GIOVANNI LO PORTO ERA UN COOPERANTE ESPERTO E CHE AVEVA STUDIATO PER FARE QUELLO CHE FACEVA – NON ERA UN DILETTANTE ALLO SBARAGLIO COME GRETA E VANESSA E INFATTI NON HA AVUTO MANIFESTAZIONI DI PIAZZA
Per fare meglio il suo lavoro aveva preso una laurea in Gran Bretagna e un master in Giappone. Aveva avuto incarichi ad Haiti e nel Centrafrica, prima di andare sulle montagne del Pakistan. Il suo rapimento è stato coperto dal silenzio. “Un rapito di serie B”, come ha detto il padre?
Gian Micalessin per “Il Giornale”
Era innanzitutto un serio professionista. Non confondeva l'impegno per il prossimo con l'ideologia. Non mescolava la generosità alla retorica. E non era un attivista di sinistra. Giovanni Lo Porto non possedeva insomma nessuna delle caratteristiche indispensabili per mobilitare la grande stampa di questo Paese, per far fremere pacifisti e anime belle, per far scendere in piazza studenti ed operai.
Era un esimio sconosciuto, una perdita irrilevante o - come sussurra l'amara disperazione del padre - un «ostaggio di serie B». Difficile dargli torto. Difficile non mettere a confronto il clima di annoiata indifferenza con cui il nostro Paese ha reagito, per tre anni, al suo rapimento e quello di generale mobilitazione che circondò la vicenda di Simona Pari e Simona Torretta, le due volontarie di «Un Ponte per...», sequestrate il 7 aprile del 2004 a Bagdad e liberate cinque mesi e mezzo dopo. In quei giorni le loro foto campeggiavano sulle prime pagine dei giornali, sventolavano dalle finestre dei palazzi istituzionali, illuminavano l'apertura dei tg, animavano i dibattiti televisivi. In quei giorni di passione, discussioni e polemiche non c'era italiano che non fosse in grado di citarne vite, opere e miracoli, di prevederne morte o liberazione, di esprimere giudizi sulla bontà o sull'inutilità del loro lavoro.

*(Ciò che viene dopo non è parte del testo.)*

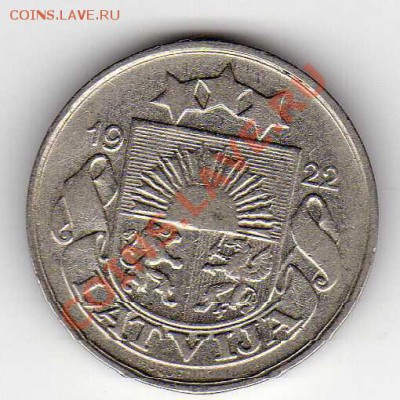 ЛАТВИЯ 10 САНТИМОВ 1922 ДО 07.03.13 В 22.00МСК (4652) - img460
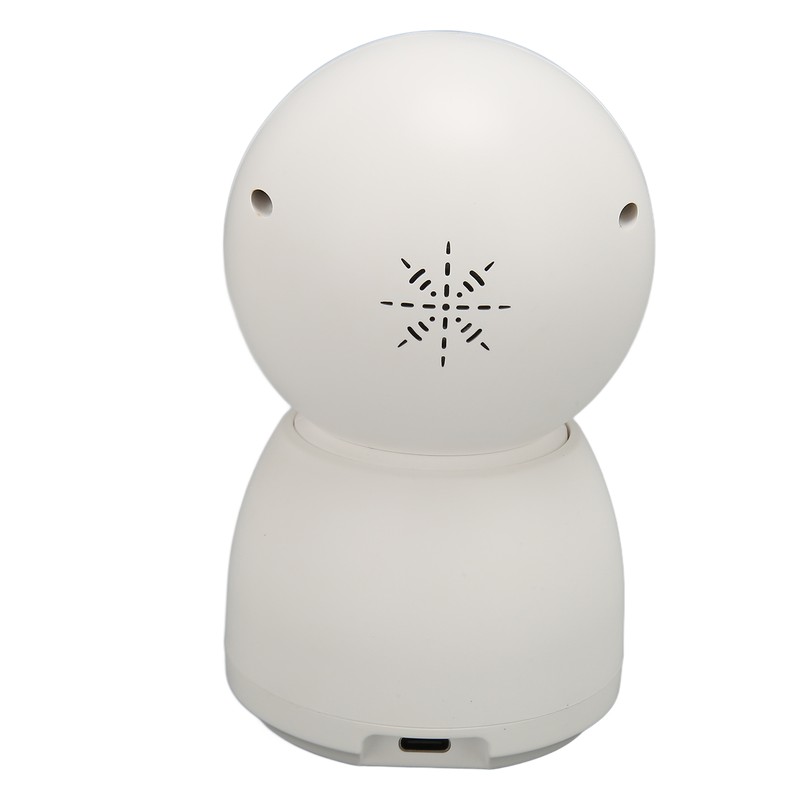 Security Camera 2K 4MP Dual Lens 2.4G Mobile App 360°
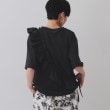 オペークドットクリップ(OPAQUE.CLIP)のフリルドッキングカットソー【洗濯機洗い可】9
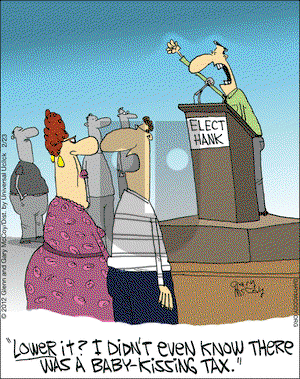 The Flying McCoys on Thursday February 23, 2012 Comic Strip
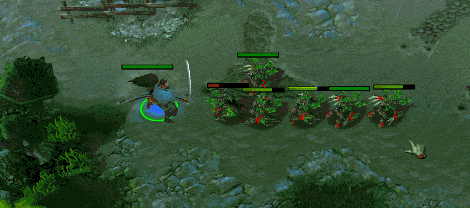 《魔兽争霸3》神级自制地图:LOL大战DOTA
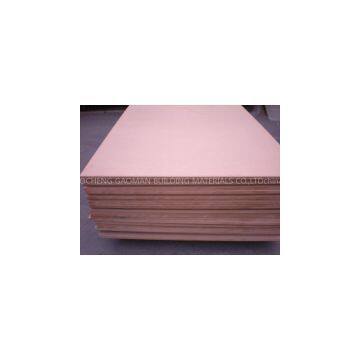 Full Poplar Raw Mdf ISO9001:2000 Standard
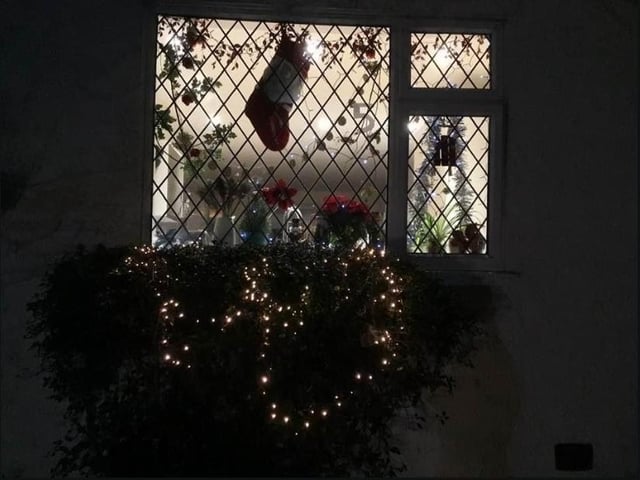 Each night in December, up until Christmas Eve, two new windows are unveiled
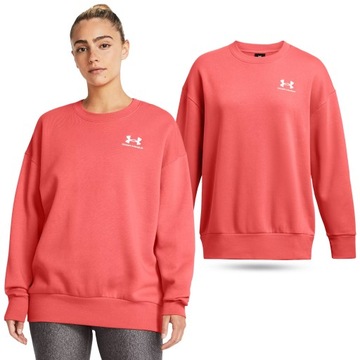 BLUZA DAMSKA UNDER ARMOUR DRESOWA SPORTOWA BAWEŁNA 1379475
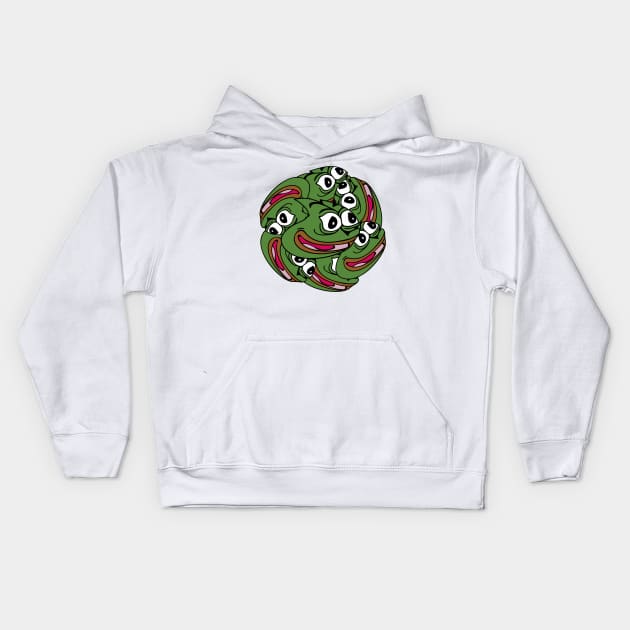 Pepegas - Pepega - Kids Hoodie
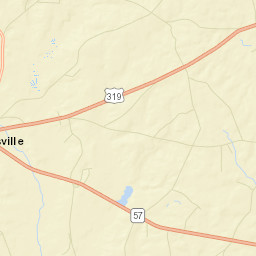Johnson County Street Map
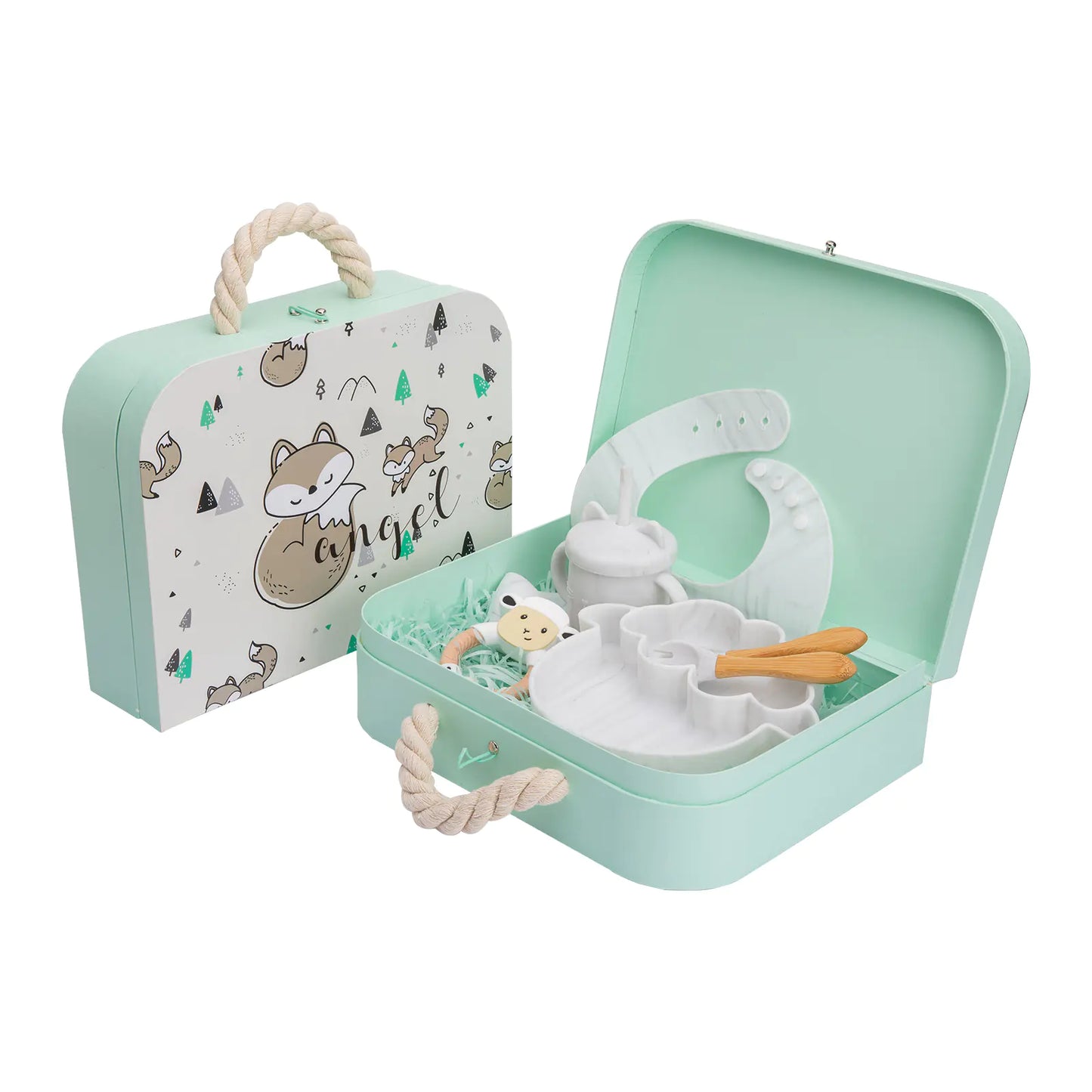 Dluxe Ave. Baby Silicone Bowl Newborn Feeding Set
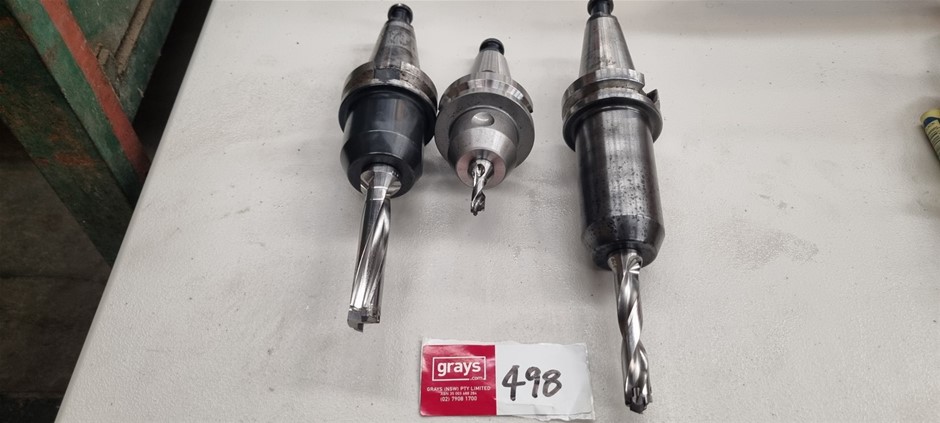 BT40 sidelock holders and drills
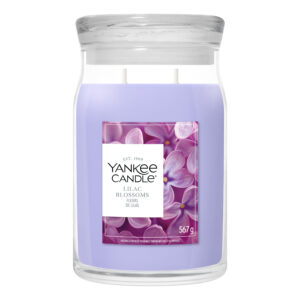 Lilac Blossoms Signature Large Jar 567g 2-Docht – Hauptansicht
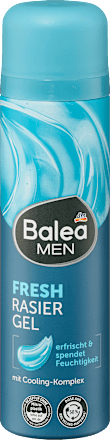 Rasiergel Fresh Balea MEN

Erano così conosciute, talmente amate - o parimenti detestate - da diventar l'una l'alter ego dell'altra, fino a fondersi in un'entità mediatica una e bina, citata semplicemente come le Due Simone. Dietro quell'entità non c'erano più due semplici donne. C'erano prima di tutto due «attiviste pacifiste» assurte a simbolo e slogan della retorica di sinistra. Per quella connotazione politica ideologica, non per l'essere banalmente umane o genuinamente generose, dovevano esser riportate a casa. A tutti i costi. E ad ogni prezzo.
E lo stesso valeva per Vanessa Marzullo e Greta Ramelli le due autoproclamate «volontarie» rapite in Siria e liberate il 15 gennaio scorso, lo stesso giorno in cui, per una tragico, ma simbolico gioco del destino, un missile troncava vita di Lo Porto. Greta e Vanessa, a differenza delle due Simone, non erano neppure pacifiste. E tantomeno professioniste. Ma in virtù del medesimo pedigree di sinistra beneficiavano pure loro dello status di fanciulle-simbolo, capaci di animare cortei e dibattiti.
Giovanni Lo Porto non poteva vantare nessuna di queste di queste qualità. Non partecipava a cortei o manifestazioni. Non inneggiava alle gesta di movimenti armati, rivoluzionari e massacratori. Desiderava solo aiutare il prossimo. Per riuscirci s'era preso una laurea a Londra e un master in Giappone. Per metterle a frutto s'era sudato incarichi e fatiche tra le macerie di Haiti, le giungle del Centrafrica e le infide montagne del Pakistan. Giovanni non parlava molto e lavorava tanto. Ma forse per questo la sua vita valeva dannatamente poco.